Between July 2017 and Sept. 2020, Rosenberg paid bribes directly and indirectly to Amazon employees in order to steal confidential data, as well as gain access to internal systems. In one case, Rosenberg made 33 different PayPal payments worth $18,650 to an Amazon employee in Seattle in exchange for confidential information about third-party seller accounts.
Most of his payments were for account “annotations,” or an internal Amazon employee log of infractions on a sellers’ account, which Rosenberg and another defendant, Joe Nilsen, covertly referred to as “fruit” in email correspondence.
“Sellers who had been suspended from selling on Amazon could use this internal information to see exactly what Amazon had figured out about the sellers’ infractions and to tailor their appeals for reinstatement accordingly,” prosecutors alleged.
Nilsen bragged to Rosenberg over email about the services he had gained access to by bribing employees.
“I am not trying to make it seem like we have all the abilities in the world, but even though it took some time and some face to face meetings, we obtained abilities that still blow my mind,” Nilsen wrote in a Jan. 2018 email to Rosenberg, referring to his internal contacts as “high up ‘flick the switch’ type guys.”
“I don’t want to have a little menu floating around but if you are in need of anything, just run it by me and I will let you know,” Nilsen continued.
Previously unsealed court documents said Rosenberg allegedly sent a “veiled threat” to an Amazon employee at the company’s Seattle headquarters as part of the bribery scheme, Bloomberg reported. The documents also detailed the defendants’ elaborate efforts to dodge detection by authorities, including allegedly stuffing a llama-shaped ottoman with cash believed to be bribes, according to Bloomberg.

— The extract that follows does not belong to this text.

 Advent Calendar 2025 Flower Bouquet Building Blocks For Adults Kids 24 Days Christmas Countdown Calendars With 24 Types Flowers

Rosenberg’s guilty plea in March marked a reversal of his position on the case. He repeatedly denied prosecutors’ allegations and claimed in LinkedIn messages to CNBC he was being framed, as well as in posts on Reddit forums and Facebook groups. He later admitted he made false statements about the case and admitted to bribing Amazon employees in a public apology posted online.
An attorney for Rosenberg, Jacob Laufer, wrote in a sentencing memo that while Rosenberg’s conduct was illegal, it was a symptom of a marketplace ruthlessly governed by Amazon wherein merchants could be arbitrarily booted off the marketplace at any time, and struggling to get their businesses reinstated, turned to illicit tactics.

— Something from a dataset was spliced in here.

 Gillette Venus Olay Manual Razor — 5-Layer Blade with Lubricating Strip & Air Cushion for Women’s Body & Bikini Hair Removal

“Given that these sellers were in the dark about their alleged wrongdoing, how to correct the problem, and when Amazon might recognize its error, sellers were frequently desperate and sometimes would resort to illegal means to obtain the information necessary to accomplish the goal of saving their businesses,” according to the memo. “The ‘information necessary’ was the annotations.”
Dix said Amazon has processes in place to help sellers avoid deactivation and get reinstated when appropriate. The company has for years been investing in improving its communications with sellers, speeding up response times and more clearly indicating policy violations, she added.
“There is no place for fraud at Amazon and no excuse for resorting to illegal activities,” Dix said in a statement.